(Exercise data Opens)
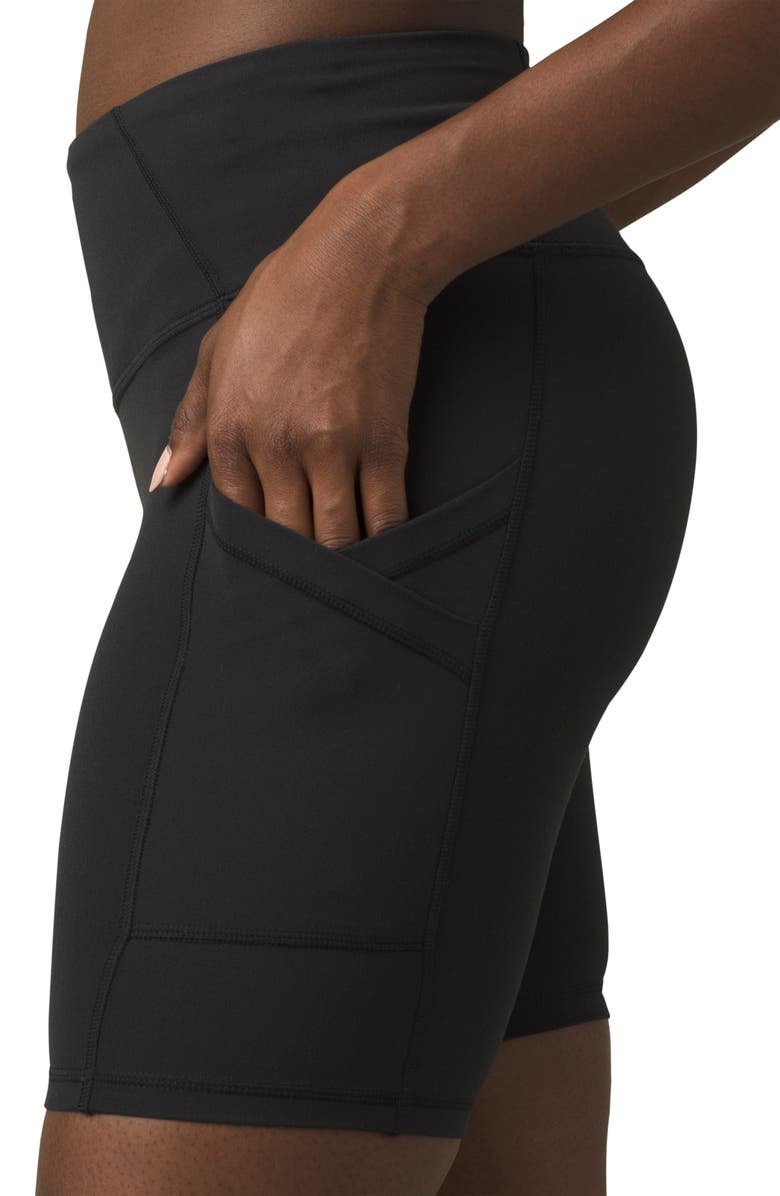 prAna Electa High Waist Bike Shorts, Alternate, color, 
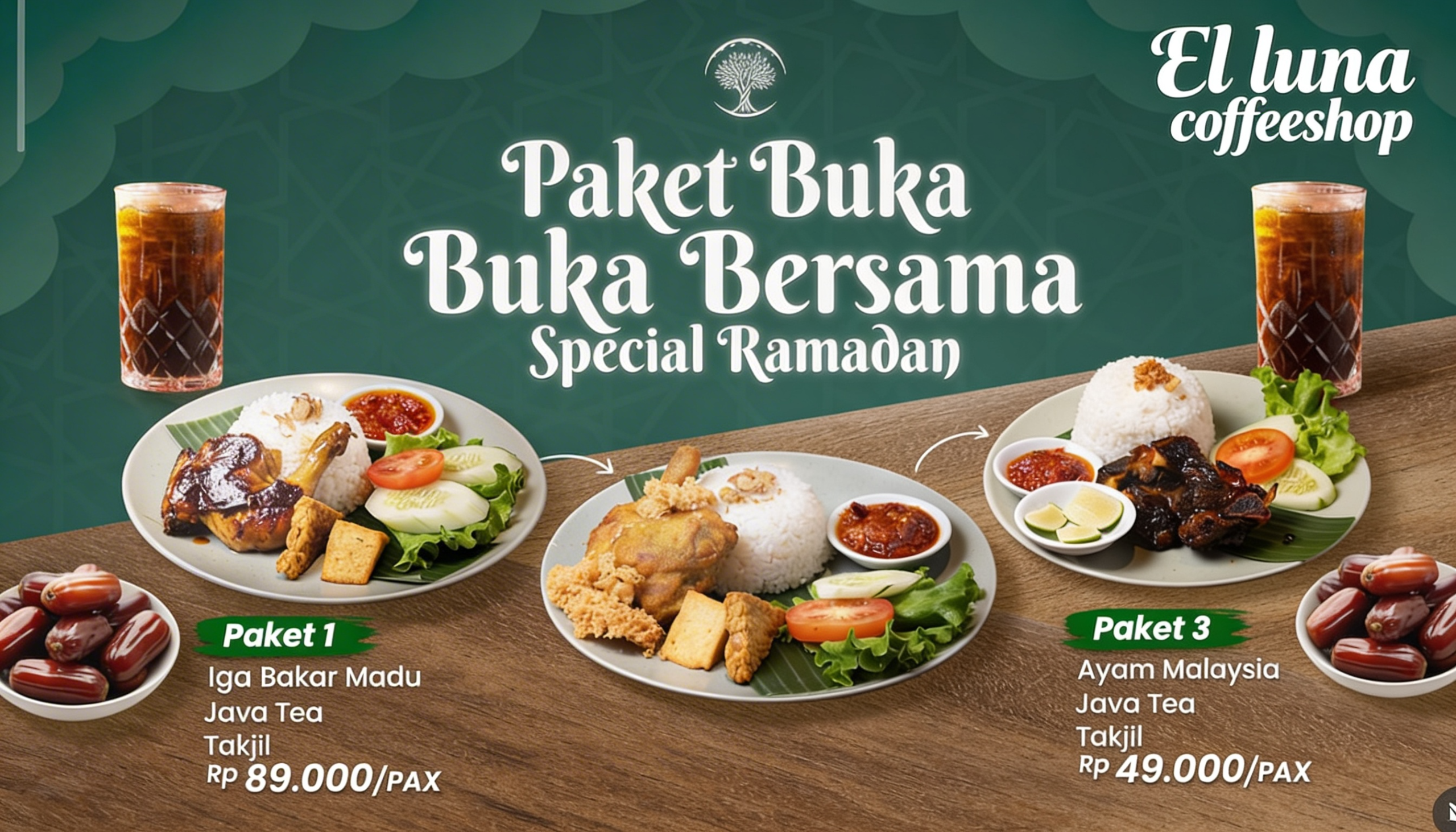 Promo Spesial Ramadhan di EL Luna Coffee Shop: Ngabuburit Makin Hangat dan Hemat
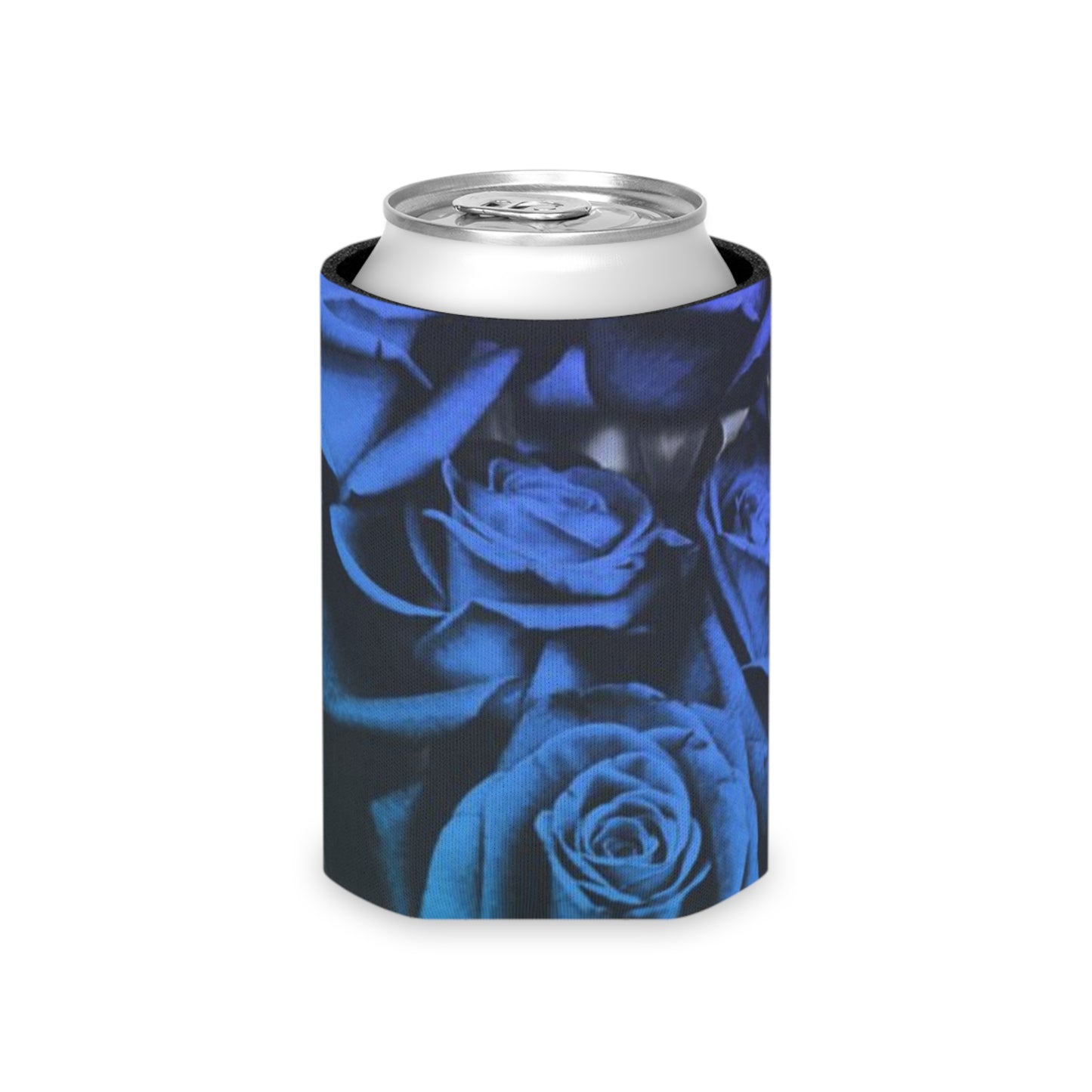 Blue Roses Can Cooler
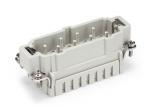 Male Inserts,Contacts 6+PE,Spring connection,16A 830V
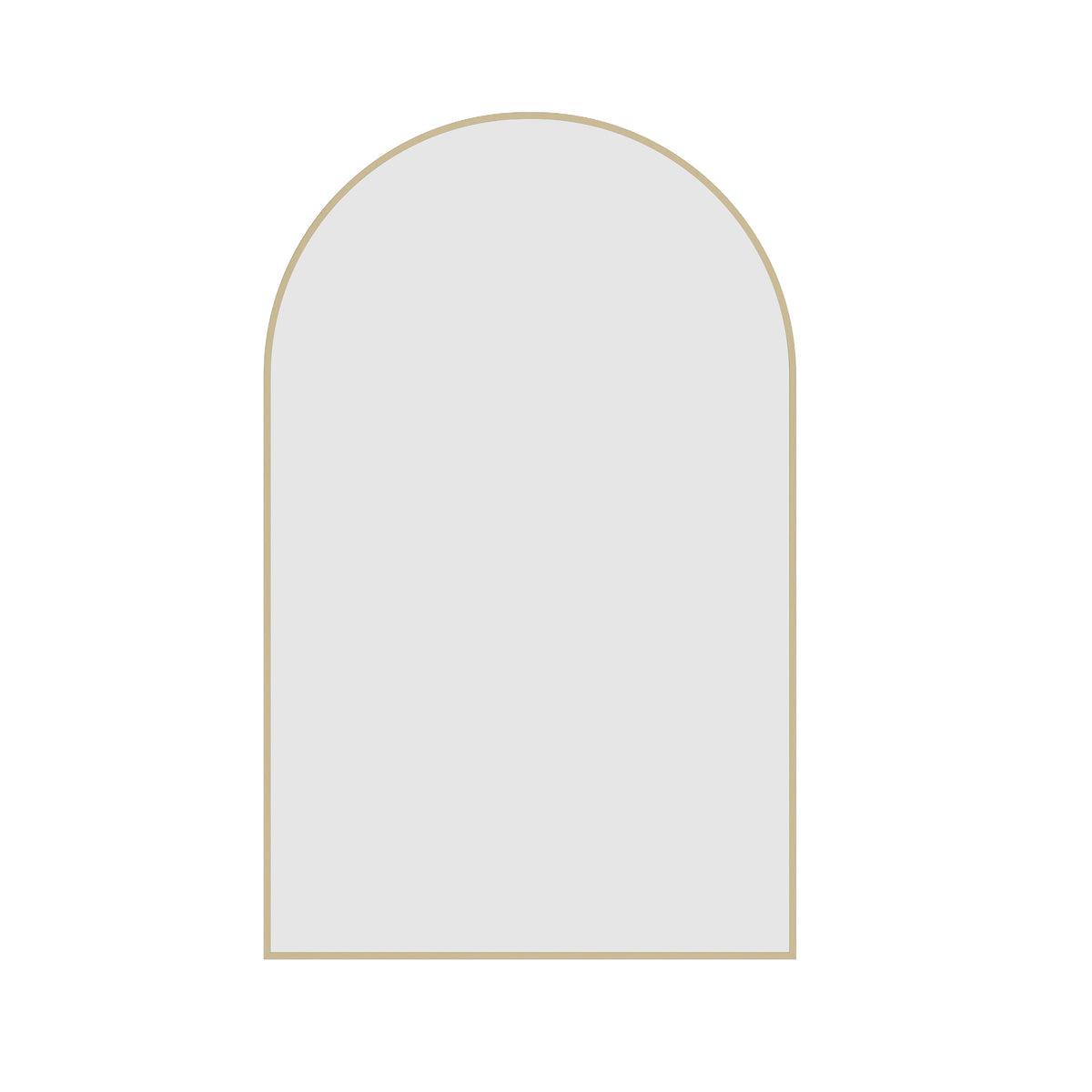JC5080G Arch Gold Framed Mirror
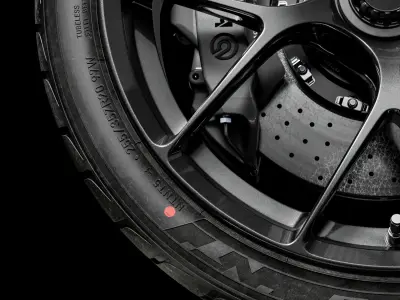 Nitto NT05 255 35 ZR20 97W XL 3D model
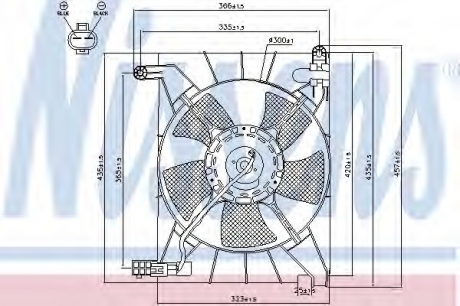 85063 Nissens Вентилятор радиатора CHEVROLET AVEO (пр-во Nissens)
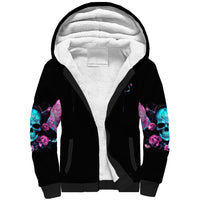 Fairy Skull Sherpa Hoodie The Good Girl In Me Got Tired Of The Bullshit - Wonder Print Shop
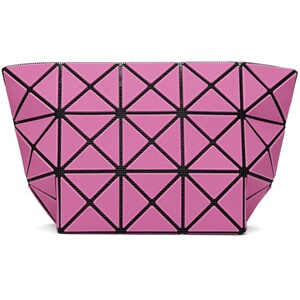 issey miyake/三宅一生 粉色 prism frost 手拿包2021新款秋冬包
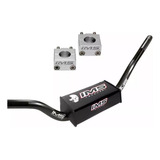 Guidão Fatbar Light T6 Ims Medio Preto 28mm Com Adaptador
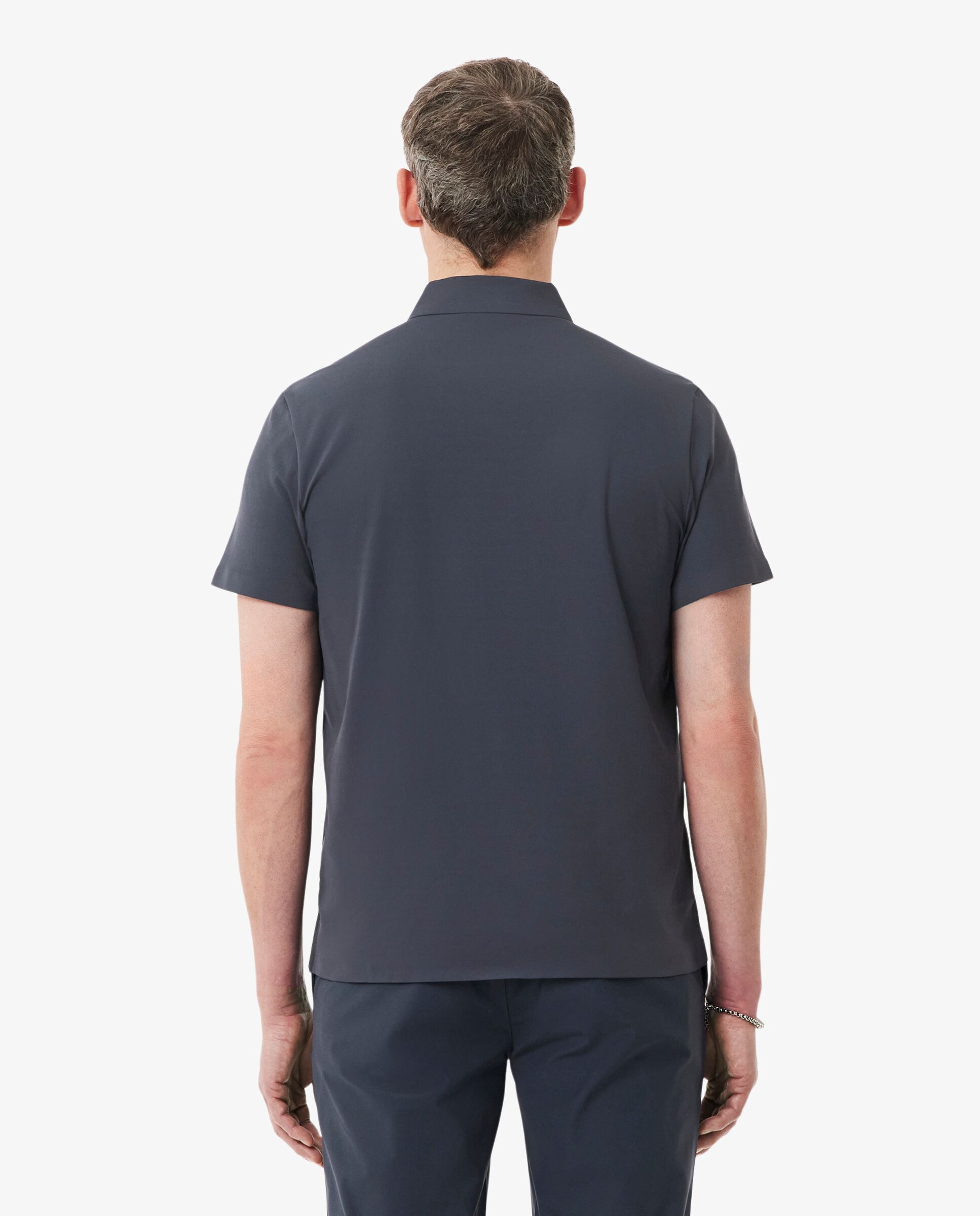 Polo de hombre de corte regular commuter de manga corta - Lacoste - Gris oscuro Gris oscuro-2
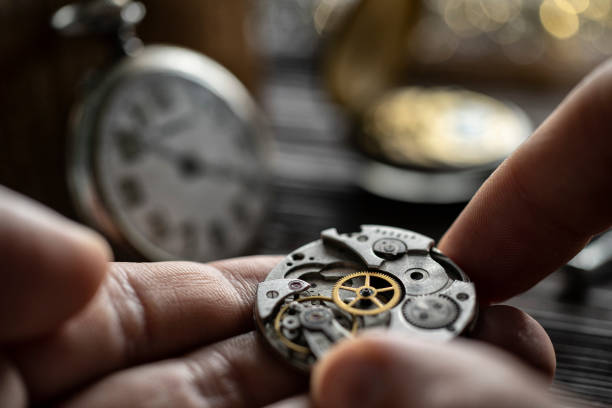 istock Watchmaker's workshop, mechanical watch repair 2203647154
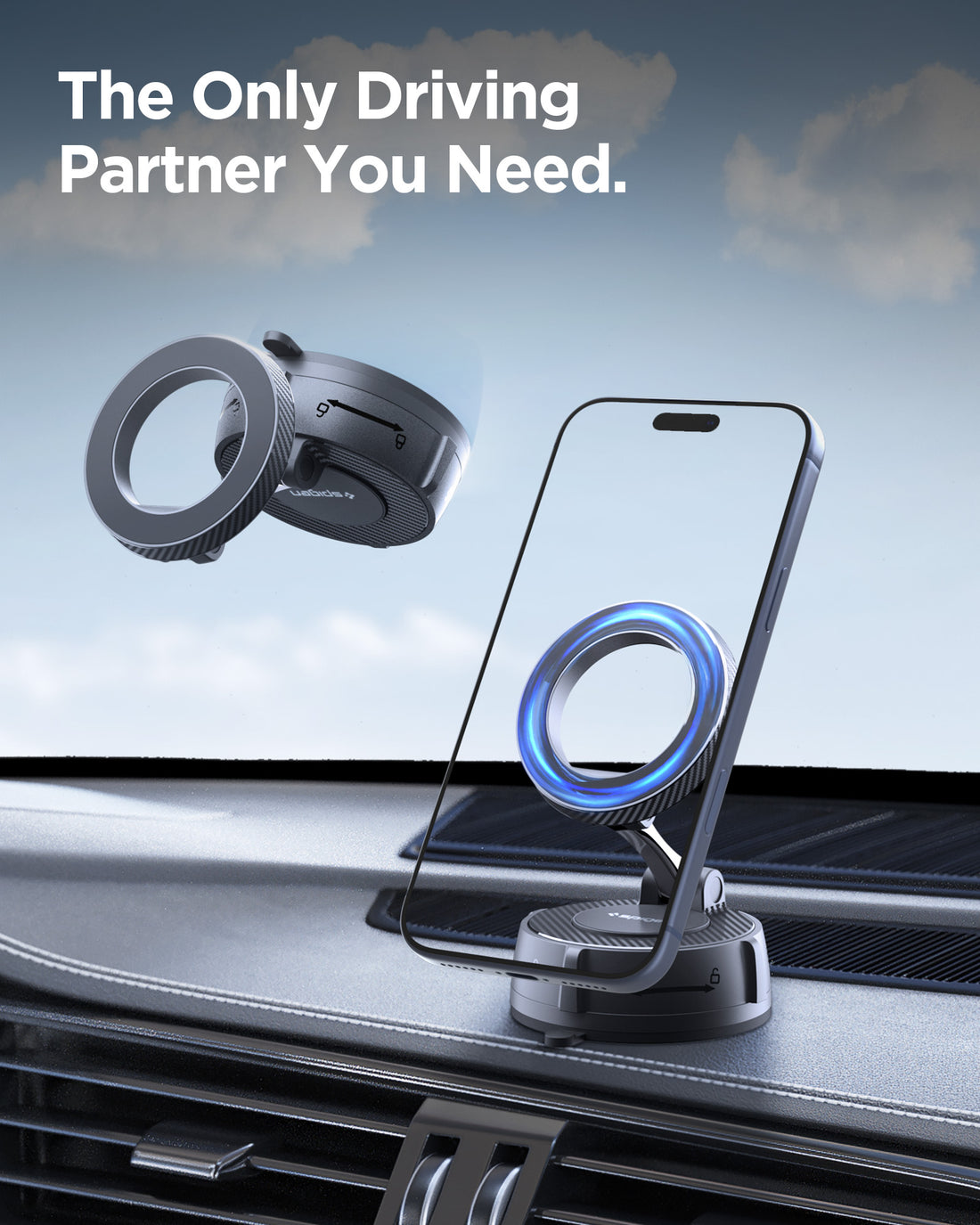 Magnetic Dashboard Car Mount | MFT36-1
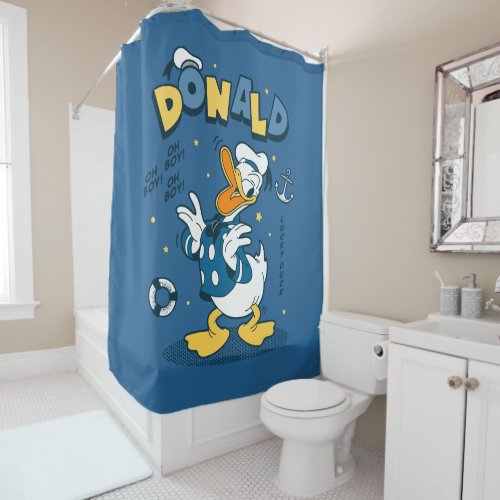 Donald Duck  Oh Boy Oh Boy Lucky Duck Shower Curtain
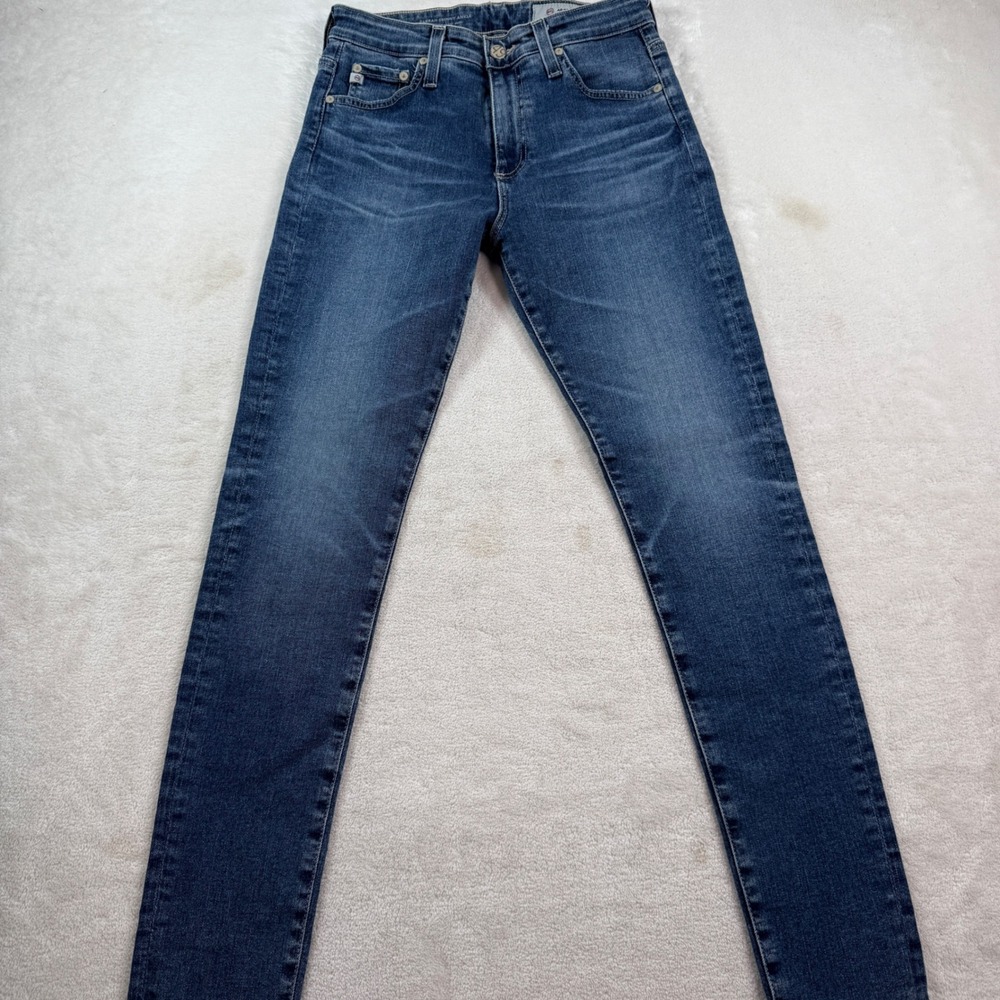 AG Adriano Goldschmied Farrah Skinny High Rise Jeans Blue‎ 27R EMP1777RH12YFLD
(Exercise data Closes)
* **Work required**: An exact reproduction of the data is required, with pictures excluded.

* **Your response**:
 prAna Electa High Waist Bike Shorts, Alternate, color, 
 Promo Spesial Ramadhan di EL Luna Coffee Shop: Ngabuburit Makin Hangat dan Hemat
 Blue Roses Can Cooler
 Male Inserts,Contacts 6+PE,Spring connection,16A 830V
JC5080G Arch Gold Framed Mirror
 Nitto NT05 255 35 ZR20 97W XL 3D model
 85063 Nissens Вентилятор радиатора CHEVROLET AVEO (пр-во Nissens)
 Fairy Skull Sherpa Hoodie The Good Girl In Me Got Tired Of The Bullshit - Wonder Print Shop
 issey miyake/三宅一生 粉色 prism frost 手拿包2021新款秋冬包
 Guidão Fatbar Light T6 Ims Medio Preto 28mm Com Adaptador
 Polo de hombre de corte regular commuter de manga corta - Lacoste - Gris oscuro Gris oscuro-2
 istock Watchmaker's workshop, mechanical watch repair 2203647154
 Magnetic Dashboard Car Mount | MFT36-1
 Donald Duck  Oh Boy Oh Boy Lucky Duck Shower Curtain
 AG Adriano Goldschmied Farrah Skinny High Rise Jeans Blue‎ 27R EMP1777RH12YFLD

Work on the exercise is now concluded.